W marcu 2020 roku Microsoft ogłosił kamień milowy, który był celem dla Windows 10 od samego początku — dotarcie na miliard aktywnych urządzeń. Dobicie do tego progu zajęło 4 lata i niecałe 8 miesięcy, mimo że pierwotnym celem było... osiągnięcie tego w rok. Tak czy inaczej aktywnych urządzeń przybywa i nadszedł czas na podanie bardziej aktualnego wyniku. Aby to zrobić, Microsoft skorzystał z okazji, jaką było wczorajsze ogłoszenie wyników finansowych za ostatni kwartał.
Informacja o tym nie pojawiła się jednak w artykule z podsumowaniem raportu, lecz została przytoczona przez Mary Jo Foley z portalu ZDNet.

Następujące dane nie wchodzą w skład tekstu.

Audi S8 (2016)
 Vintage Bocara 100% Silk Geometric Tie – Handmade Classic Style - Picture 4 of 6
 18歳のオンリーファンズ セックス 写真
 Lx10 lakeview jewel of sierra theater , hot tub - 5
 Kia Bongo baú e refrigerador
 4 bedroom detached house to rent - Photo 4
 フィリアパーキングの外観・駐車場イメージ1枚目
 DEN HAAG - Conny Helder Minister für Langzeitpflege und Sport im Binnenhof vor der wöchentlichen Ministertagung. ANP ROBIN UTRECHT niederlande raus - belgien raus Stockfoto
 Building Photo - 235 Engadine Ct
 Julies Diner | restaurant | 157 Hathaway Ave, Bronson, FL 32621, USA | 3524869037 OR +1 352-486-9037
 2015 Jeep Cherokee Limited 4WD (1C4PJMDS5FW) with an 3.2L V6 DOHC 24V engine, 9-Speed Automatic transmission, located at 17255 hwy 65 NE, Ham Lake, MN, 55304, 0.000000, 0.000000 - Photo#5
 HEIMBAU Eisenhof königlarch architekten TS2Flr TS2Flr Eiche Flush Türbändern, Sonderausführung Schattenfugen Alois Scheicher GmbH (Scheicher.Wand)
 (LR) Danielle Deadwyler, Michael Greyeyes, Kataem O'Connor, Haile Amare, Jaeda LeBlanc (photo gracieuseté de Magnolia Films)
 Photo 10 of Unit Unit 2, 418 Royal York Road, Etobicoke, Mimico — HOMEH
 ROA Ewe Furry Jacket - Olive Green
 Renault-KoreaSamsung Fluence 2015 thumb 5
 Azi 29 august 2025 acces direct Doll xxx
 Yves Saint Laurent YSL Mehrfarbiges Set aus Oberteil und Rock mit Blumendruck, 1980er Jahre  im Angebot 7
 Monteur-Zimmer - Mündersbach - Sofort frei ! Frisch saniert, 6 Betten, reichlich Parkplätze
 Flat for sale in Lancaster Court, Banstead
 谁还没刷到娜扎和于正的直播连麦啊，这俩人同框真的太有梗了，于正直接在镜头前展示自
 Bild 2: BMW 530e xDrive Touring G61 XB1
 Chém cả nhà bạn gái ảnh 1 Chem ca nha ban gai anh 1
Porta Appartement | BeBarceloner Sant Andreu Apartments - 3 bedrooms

Znana w świecie technologii dziennikarka jest od lat blisko związana z Microsoftem i chyba nie ma bardziej wiarygodnego źródła, jeśli chodzi o przekazywanie informacji z pierwszej ręki (tak na marginesie). Jak podaje Foley: Dziś, 27 kwietnia, menadżerowie z Microsoft powiedzieli, że Windows 10 jest teraz na 1,3 miliarda aktywnych urządzeń. Najprawdopodobniej informacja padła na spotkaniu z inwestorami.
300 milionów nowych aktywnych urządzeń z Dziesiątką w nieco ponad rok to wynik przyzwoity, zwłaszcza teraz, po prawie 6 latach od premiery i przy ogromnym nasyceniu rynku. Nie jest to jednak duże zaskoczenie. Na ten wzrost wpłynęły z pewnością przynajmniej dwa czynniki: brak wsparcia dla Windows 7, który skłania do przesiadki na nowszy, lepiej chroniony system, oraz pandemia, w czasie której osobom pracującym z domu trzeba było dostarczyć nowy, bezpieczny system.